- Born: 28 December 1941 (age 84)
- Occupation: Financier
- Known for: Leading Smith New Court (1987-1995) and Merrill Lynch Europe (1995-2003)

= Michael Marks (financier) =

British businessman (born 1941)

Michael John Paul Marks (born 28 December 1941) is a British businessman, best known as executive chairman of Merrill Lynch Europe (1995 – 2003) and before that CEO and then chairman of City of London stockbroker Smith New Court (1985 to 1995) until its acquisition by Merrill Lynch in 1995.

==Career==
Marks’ career began at City of London stockjobbing firm Smith Brothers (later Smith New Court) in 1958, where he started as a messenger and then “blue button”, working his way up to the position of director in 1975.
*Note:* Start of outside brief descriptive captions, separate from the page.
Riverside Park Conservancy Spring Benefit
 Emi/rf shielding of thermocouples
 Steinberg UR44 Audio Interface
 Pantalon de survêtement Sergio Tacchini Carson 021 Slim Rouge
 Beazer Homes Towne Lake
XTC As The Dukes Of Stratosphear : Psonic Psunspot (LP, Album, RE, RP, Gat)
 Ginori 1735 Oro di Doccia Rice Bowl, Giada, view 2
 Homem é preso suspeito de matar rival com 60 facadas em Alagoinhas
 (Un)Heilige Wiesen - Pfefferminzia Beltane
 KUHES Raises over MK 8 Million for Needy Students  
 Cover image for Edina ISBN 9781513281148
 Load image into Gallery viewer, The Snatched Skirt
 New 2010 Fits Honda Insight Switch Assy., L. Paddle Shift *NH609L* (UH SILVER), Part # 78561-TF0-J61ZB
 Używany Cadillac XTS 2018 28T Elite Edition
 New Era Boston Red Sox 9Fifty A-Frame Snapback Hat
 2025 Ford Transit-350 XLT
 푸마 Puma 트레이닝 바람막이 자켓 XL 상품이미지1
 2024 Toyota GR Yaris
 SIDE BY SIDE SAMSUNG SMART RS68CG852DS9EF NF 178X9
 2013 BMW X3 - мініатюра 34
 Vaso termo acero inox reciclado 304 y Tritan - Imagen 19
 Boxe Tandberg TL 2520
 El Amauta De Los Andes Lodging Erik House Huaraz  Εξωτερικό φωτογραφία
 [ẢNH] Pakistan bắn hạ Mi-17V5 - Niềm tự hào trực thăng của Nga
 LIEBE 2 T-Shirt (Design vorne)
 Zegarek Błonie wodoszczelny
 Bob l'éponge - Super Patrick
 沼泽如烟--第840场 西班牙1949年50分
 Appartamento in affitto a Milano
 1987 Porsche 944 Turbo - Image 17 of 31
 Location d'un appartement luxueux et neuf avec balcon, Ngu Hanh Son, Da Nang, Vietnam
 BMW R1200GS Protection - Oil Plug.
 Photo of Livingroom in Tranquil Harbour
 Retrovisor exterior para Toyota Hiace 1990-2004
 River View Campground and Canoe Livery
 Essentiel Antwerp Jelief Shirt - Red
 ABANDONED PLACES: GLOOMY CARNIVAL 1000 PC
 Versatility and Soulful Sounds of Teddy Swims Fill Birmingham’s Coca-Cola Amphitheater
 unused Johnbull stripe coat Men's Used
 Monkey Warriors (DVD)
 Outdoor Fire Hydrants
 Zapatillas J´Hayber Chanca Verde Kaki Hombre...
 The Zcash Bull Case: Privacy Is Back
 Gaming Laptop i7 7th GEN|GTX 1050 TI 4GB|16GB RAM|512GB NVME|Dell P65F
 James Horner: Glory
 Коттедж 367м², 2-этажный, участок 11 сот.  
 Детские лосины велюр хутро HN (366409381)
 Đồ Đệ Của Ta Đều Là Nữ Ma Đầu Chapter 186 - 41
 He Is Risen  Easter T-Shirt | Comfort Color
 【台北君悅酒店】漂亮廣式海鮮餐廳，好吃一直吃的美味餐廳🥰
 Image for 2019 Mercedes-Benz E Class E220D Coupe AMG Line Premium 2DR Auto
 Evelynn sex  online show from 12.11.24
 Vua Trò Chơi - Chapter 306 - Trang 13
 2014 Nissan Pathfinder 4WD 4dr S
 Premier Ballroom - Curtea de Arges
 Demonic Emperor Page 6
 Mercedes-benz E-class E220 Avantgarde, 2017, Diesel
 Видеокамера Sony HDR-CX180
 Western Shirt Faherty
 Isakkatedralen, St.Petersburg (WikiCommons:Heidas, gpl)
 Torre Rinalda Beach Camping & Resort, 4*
In 1987, Marks became CEO of what had then become Smith New Court when NM Rothschild had taken a stake. In 1995, he took over from Sir Michael Richardson as executive chairman of the firm, overseeing its sale to Merrill Lynch that same year.

Marks left Merrill Lynch in 2003 to set up a new boutique investment house with other ex-Merrill Lynch colleagues. In a nod to their earlier days, the new venture was called NewSmith Capital Partners. Marks, along with co-founder Stephen Zimmermann, retired from NewSmith in 2014.

Marks was also a non-executive director of the London Stock Exchange between 1994 and 2004. During that time, Merrill Lynch advised the London Stock Exchange on its ill-fated merger with Deutsche Börse in 2000; but it stepped down from that role after that proposed transaction unravelled.

Marks was appointed a CBE for services to the financial services industry in the 1999 New Year Honours list.